Eça de Queiroz: um gênio das Letras

O presente ensaio tem por objetivo mostrar como Eça de Queiroz afastou-se da escola literária realista-naturalista e perceber a peculiaridade de sua obra, no que ela tem de mais singular e genial. Os textos que serviram de base foram a História do texto, fragmento extraído do livro Edição crítica das obras de Eça de Queiroz, de Carlos Reis e Maria do Rosário, e o ensaio de Jaime Cortesão, O escritor e a sua família literária, publicado no livro Eça de Queiroz e a questão social.

Em História do Texto, fragmento de número 4, pertencente ao livro Edição crítica das obras de Eça de Queiroz, o autor Carlos Reis, após fazer uma análise sobre as três versões de O crime do padre Amaro, tomando da 1ª. à 3ª. versão, expõe o quanto Eça mudou os aspectos estilístico-estruturais da obra em questão. Tais alterações vão para além da simples revisão estilística, o que culmina em diferenças consideráveis de uma edição à outra.

Parece-nos que essas modificações, segundo afirmação levantada por Carlos Reis, são o resultado do amadurecimento dos processos literários, relacionados com a reinterpretação que Eça de Queiroz faz da doutrina naturalista.

Porém, as transformações estruturais ocorreram também em outras obras como o Mandarim, o conto Civilização (modificado e ampliado no romance A cidade e as serras) e a A ilustre casa de Ramires, denotando o poder de criação queiroziano, capaz de exceder e superar as taxações críticas e, inclusive, as escolas literárias.

Prova disso é que, depois do lançamento da terceira edição de O crime do padre Amaro, algumas críticas a respeito da obra insinuam o afastamento do autor das escolas realistas e naturalista, procurando criar uma escola individual, sem nenhum vínculo com as já existentes.
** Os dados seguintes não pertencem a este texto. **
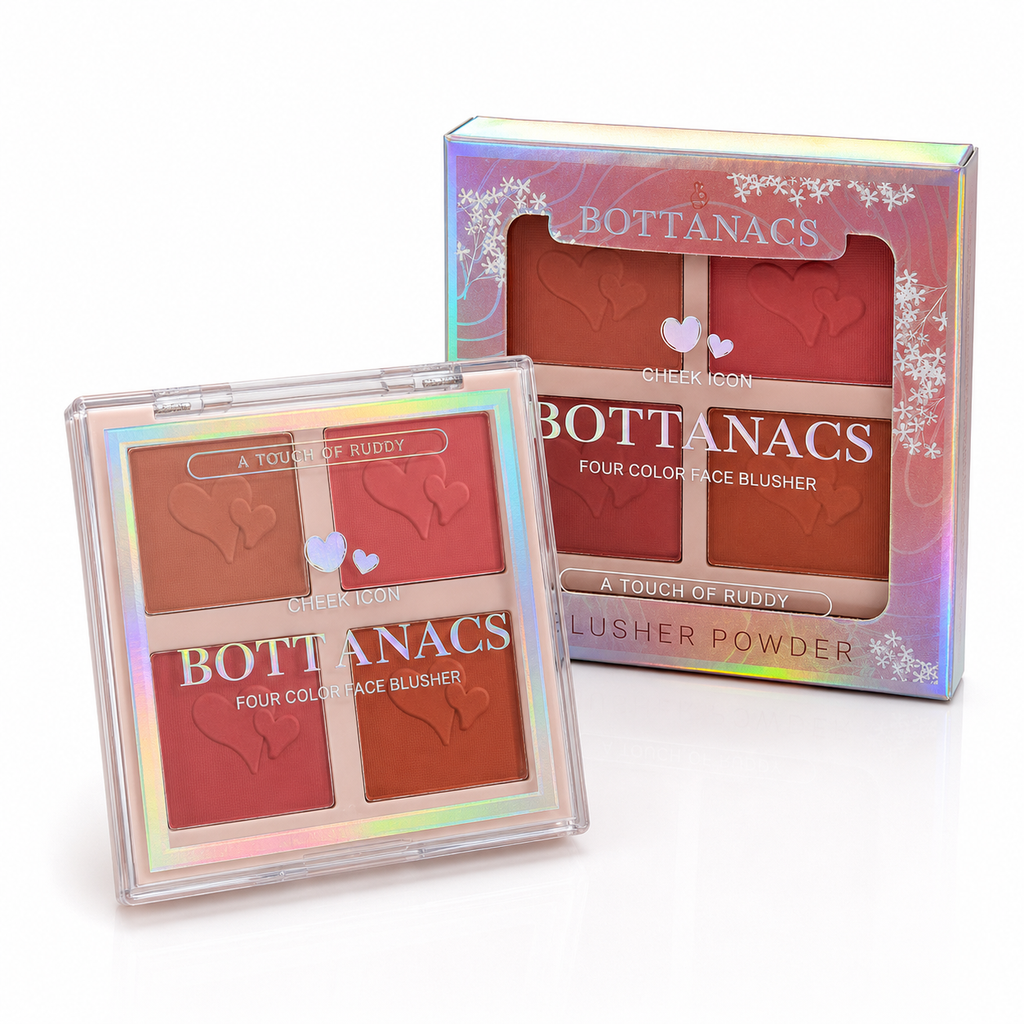 BOTTANACS Four Color Face Blusher | 4 Shade Blush Palette | Smooth & Blendable Long-Lasting Makeup | Shade 03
Em uma nota não assinada na Bibliografia portuguesa e estrangeira, por exemplo, o autor do texto escreve o seguinte: “Este novo livro parece todavia afastar-se dos processos do realismo, e o autor como que procura criar uma escola nova, individual, e sem ligações com as que existem.” O próprio Antero de Quental escreveu que Eça tinha adquirido uma certa “liberdade de movimentos”, somente compreensível quando um autor adquiri liberdade com relação as escolas literárias.
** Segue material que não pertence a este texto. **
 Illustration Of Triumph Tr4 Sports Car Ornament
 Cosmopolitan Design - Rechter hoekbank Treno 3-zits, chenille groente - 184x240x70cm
Basta notar até aqui o fato de que as alterações promovidas pelo escritor em suas obras manifestam não só uma atitude de aperfeiçoamento do estilo literário, mas, também, as inclinações de um gênio das letras, bastante atento às transformações, à sociedade e às influências recebidas, em que o discurso social esteve sempre presente.

Uma outra característica a ser aponta, digna apenas dos grandes artistas, é aguçada percepção sensível da realidade. Sem sombra de dúvida que todo o trabalho do autor de o O crime do padre Amaro foi permeado pela sensibilidade, cuja capacidade era traduzir por forma nova as impressões capitadas. Em seu ensaio O escritor e a sua família literária, Jaime Cortesão aponta quatro tipos de sensibilidades que o tornam um escritor singular e, por isso, genial. São elas: sensibilidade de super-sensual, sensibilidade espectroscópica, sensibilidade táctil e sensibilidade musical.
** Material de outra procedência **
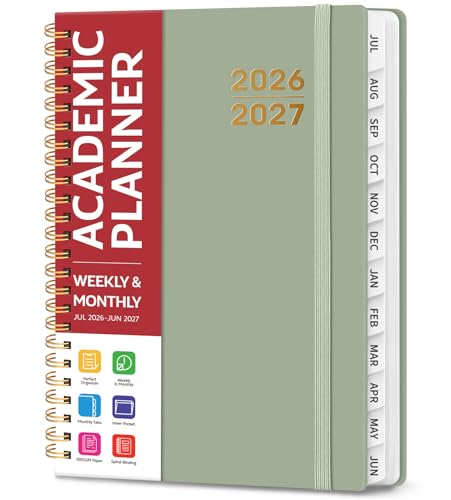 Agenda académica 2026-2027 verde bosque para organizar tus clases y rutinas en formato A5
Esse conjunto de suscetibilidades, somando-se ao ambiente histórico e social de Portugal, deixaram impressões várias no espírito de Eça de Queiroz, as quais se tonaram forma literária e hoje podem ser lidas analisadas e avaliadas. Obras essas que demonstram o quanto Queiroz foi único, magistral e crítico ardoroso de seu tempo, pois a faculdade de observação e talento literário lhe propiciavam isso.

Por tal razão, hoje o nome de Eça de Queiroz é reconhecidamente um dos grandes vultos surgidos nas letras portuguesas e na literatura mundial, capaz de resistir às inúmeras leituras e releituras. Porque é clássico, é genial.